Fiat Chrysler Recalls 1.4 Million Autos To Fix Remote Hack

swinferno writes: Fiat Chrysler announced today that it's recalling 1.4 million automobiles just days after researchers demonstrated a terrifying hack of a Jeep that was driving down the highway at 70 miles per hour. They are offering a software patch for some of their internet-connected vehicles. Cybersecurity experts Chris Valasek and Charlie Miller have publicly exposed a serious vulnerability that would allow hackers to take remote control of Fiat Chrysler Automobile (FCA) cars that run its Uconnect internet-accessing software for connected car features. Despite this, the researchers say automakers are being slow to address security concerns, and are often approaching security in the wrong way.

Re:tip of the iceburg

[ckatko]

We have absolutely every idea of how to secure IT systems. Nobody wants to freaking listen.

I know of a college's root password stored in plain text file on a PUBLICLY accessible url so "new computers can install ghost copies quicker." I know of companies actually using "password" for their password. I know companies that deny access to copy-and-paste on remote desktop, refuse to use e-mail because it's insecure, but are fine with me using a domain administrator account to do my work.

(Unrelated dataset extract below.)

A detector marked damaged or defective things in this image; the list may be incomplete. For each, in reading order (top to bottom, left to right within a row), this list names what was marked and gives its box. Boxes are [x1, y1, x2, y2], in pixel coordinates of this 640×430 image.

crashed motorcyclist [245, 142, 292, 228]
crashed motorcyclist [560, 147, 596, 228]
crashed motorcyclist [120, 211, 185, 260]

The reason businesses don't care about security is two reasons. 1) They're not afraid and people and the laws should make them afraid so it becomes cost-effective to care. 2) The IT field is full of bullshitters so even when people do hire IT, they assume the guy they hire understands security. When most companies only need one IT guy, they have no experienced guy on hand to tell them if the guy if full of crap. I'm a software developer and I had to teach one admin how Kerberos authentication works and how to resolve issues with it, and another thought that intranet ip addresses were somehow accessible from the web.

However, with the IoT, the situation is mark darker. The IoT is a movement. If it cannot get good market penetration fast, it dies out. So people know that IoT is inherently dangerous but they don't have the time and resources to make them secure and solve those problems so they bank on, and hope for, that nobody ever notices so they can sell enough of their products to keep the market going. People buy features, but security only matters if someone finds out.

The IoT is the NSA's wet dream. Why spy on Americans when you can willingly get them to sign a EULA that lets their Smart TV keep the microphone on 24/7? (This has already happened.) And worse still, if the NSA can do it, so can any government. And people are so stupid they're willingly giving up their privacy just so they can "keep up with the tech Joneses" for a gadget that doesn't even improve their lives in any significant way.

Re:Approach security the wrong way? No shit!

[TWX]

Exactly. If the functions of the vehicle's control systems have changed from a relatively simple engine spark and fuel injection management system to something that controls most aspects of the mechanics of the vehicle-in-motion, then the systems need to be balanced so that these critical systems are not run on poorly-secured or unsecured systems like the infotainment and passenger-comfort parts of the controls. If there is a need for something like the feedback from the body control module to tell the ECM how to set the suspension based on driver input, go back to basics, set a serial-link a simple four-bit byte that just changes values based on the setting chosen, and anything else is simply ignored and last-setting is retained. Doesn't have to be complicated.